TASK DIRECTIONS ->
Take the entries that follow and write each one out exactly.

DATA UNDER STUDY ->
+--

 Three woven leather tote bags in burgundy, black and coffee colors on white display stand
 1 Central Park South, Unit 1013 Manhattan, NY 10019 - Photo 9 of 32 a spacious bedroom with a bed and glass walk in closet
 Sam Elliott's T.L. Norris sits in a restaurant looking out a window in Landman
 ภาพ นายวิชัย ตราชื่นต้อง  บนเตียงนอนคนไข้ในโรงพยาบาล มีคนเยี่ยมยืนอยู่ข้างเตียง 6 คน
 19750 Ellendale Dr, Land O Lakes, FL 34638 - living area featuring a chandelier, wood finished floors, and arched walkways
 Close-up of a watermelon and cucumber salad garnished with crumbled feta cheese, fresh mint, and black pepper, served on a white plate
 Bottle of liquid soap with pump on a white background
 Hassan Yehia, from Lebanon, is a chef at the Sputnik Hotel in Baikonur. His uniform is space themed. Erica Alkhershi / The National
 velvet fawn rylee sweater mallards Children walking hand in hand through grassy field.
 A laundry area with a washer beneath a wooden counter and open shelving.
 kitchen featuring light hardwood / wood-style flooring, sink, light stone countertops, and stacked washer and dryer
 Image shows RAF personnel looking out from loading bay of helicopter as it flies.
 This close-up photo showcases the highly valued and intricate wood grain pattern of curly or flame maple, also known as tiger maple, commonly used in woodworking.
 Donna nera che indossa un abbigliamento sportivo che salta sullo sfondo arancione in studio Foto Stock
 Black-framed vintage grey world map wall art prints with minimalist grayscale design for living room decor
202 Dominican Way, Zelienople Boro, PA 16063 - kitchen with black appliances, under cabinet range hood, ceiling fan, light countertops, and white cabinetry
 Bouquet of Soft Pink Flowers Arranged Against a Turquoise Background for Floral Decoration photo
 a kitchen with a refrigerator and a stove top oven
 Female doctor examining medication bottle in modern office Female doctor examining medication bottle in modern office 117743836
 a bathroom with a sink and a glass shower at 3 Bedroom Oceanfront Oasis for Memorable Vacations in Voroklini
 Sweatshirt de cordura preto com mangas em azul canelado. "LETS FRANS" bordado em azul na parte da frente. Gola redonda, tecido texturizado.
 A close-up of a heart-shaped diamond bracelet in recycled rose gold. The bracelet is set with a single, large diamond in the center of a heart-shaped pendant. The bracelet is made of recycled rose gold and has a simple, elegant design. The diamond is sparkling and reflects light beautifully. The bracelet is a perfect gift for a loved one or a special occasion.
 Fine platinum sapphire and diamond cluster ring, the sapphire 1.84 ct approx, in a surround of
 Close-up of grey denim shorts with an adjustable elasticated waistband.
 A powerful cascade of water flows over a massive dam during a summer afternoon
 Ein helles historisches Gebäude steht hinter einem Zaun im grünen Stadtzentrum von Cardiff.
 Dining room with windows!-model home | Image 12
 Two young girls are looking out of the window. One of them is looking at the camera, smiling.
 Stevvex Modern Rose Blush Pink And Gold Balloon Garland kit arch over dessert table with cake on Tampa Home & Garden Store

+--

EXERCISE OUTPUT ->
 Three woven leather tote bags in burgundy, black and coffee colors on white display stand
 1 Central Park South, Unit 1013 Manhattan, NY 10019 - Photo 9 of 32 a spacious bedroom with a bed and glass walk in closet
 Sam Elliott's T.L. Norris sits in a restaurant looking out a window in Landman
 ภาพ นายวิชัย ตราชื่นต้อง  บนเตียงนอนคนไข้ในโรงพยาบาล มีคนเยี่ยมยืนอยู่ข้างเตียง 6 คน
 19750 Ellendale Dr, Land O Lakes, FL 34638 - living area featuring a chandelier, wood finished floors, and arched walkways
 Close-up of a watermelon and cucumber salad garnished with crumbled feta cheese, fresh mint, and black pepper, served on a white plate
 Bottle of liquid soap with pump on a white background
 Hassan Yehia, from Lebanon, is a chef at the Sputnik Hotel in Baikonur. His uniform is space themed. Erica Alkhershi / The National
 velvet fawn rylee sweater mallards Children walking hand in hand through grassy field.
 A laundry area with a washer beneath a wooden counter and open shelving.
 kitchen featuring light hardwood / wood-style flooring, sink, light stone countertops, and stacked washer and dryer
 Image shows RAF personnel looking out from loading bay of helicopter as it flies.
 This close-up photo showcases the highly valued and intricate wood grain pattern of curly or flame maple, also known as tiger maple, commonly used in woodworking.
 Donna nera che indossa un abbigliamento sportivo che salta sullo sfondo arancione in studio Foto Stock
 Black-framed vintage grey world map wall art prints with minimalist grayscale design for living room decor
202 Dominican Way, Zelienople Boro, PA 16063 - kitchen with black appliances, under cabinet range hood, ceiling fan, light countertops, and white cabinetry
 Bouquet of Soft Pink Flowers Arranged Against a Turquoise Background for Floral Decoration photo
 a kitchen with a refrigerator and a stove top oven
 Female doctor examining medication bottle in modern office Female doctor examining medication bottle in modern office 117743836
 a bathroom with a sink and a glass shower at 3 Bedroom Oceanfront Oasis for Memorable Vacations in Voroklini
 Sweatshirt de cordura preto com mangas em azul canelado. "LETS FRANS" bordado em azul na parte da frente. Gola redonda, tecido texturizado.
 A close-up of a heart-shaped diamond bracelet in recycled rose gold. The bracelet is set with a single, large diamond in the center of a heart-shaped pendant. The bracelet is made of recycled rose gold and has a simple, elegant design. The diamond is sparkling and reflects light beautifully. The bracelet is a perfect gift for a loved one or a special occasion.
 Fine platinum sapphire and diamond cluster ring, the sapphire 1.84 ct approx, in a surround of
 Close-up of grey denim shorts with an adjustable elasticated waistband.
 A powerful cascade of water flows over a massive dam during a summer afternoon
 Ein helles historisches Gebäude steht hinter einem Zaun im grünen Stadtzentrum von Cardiff.
 Dining room with windows!-model home | Image 12
 Two young girls are looking out of the window. One of them is looking at the camera, smiling.
 Stevvex Modern Rose Blush Pink And Gold Balloon Garland kit arch over dessert table with cake on Tampa Home & Garden Store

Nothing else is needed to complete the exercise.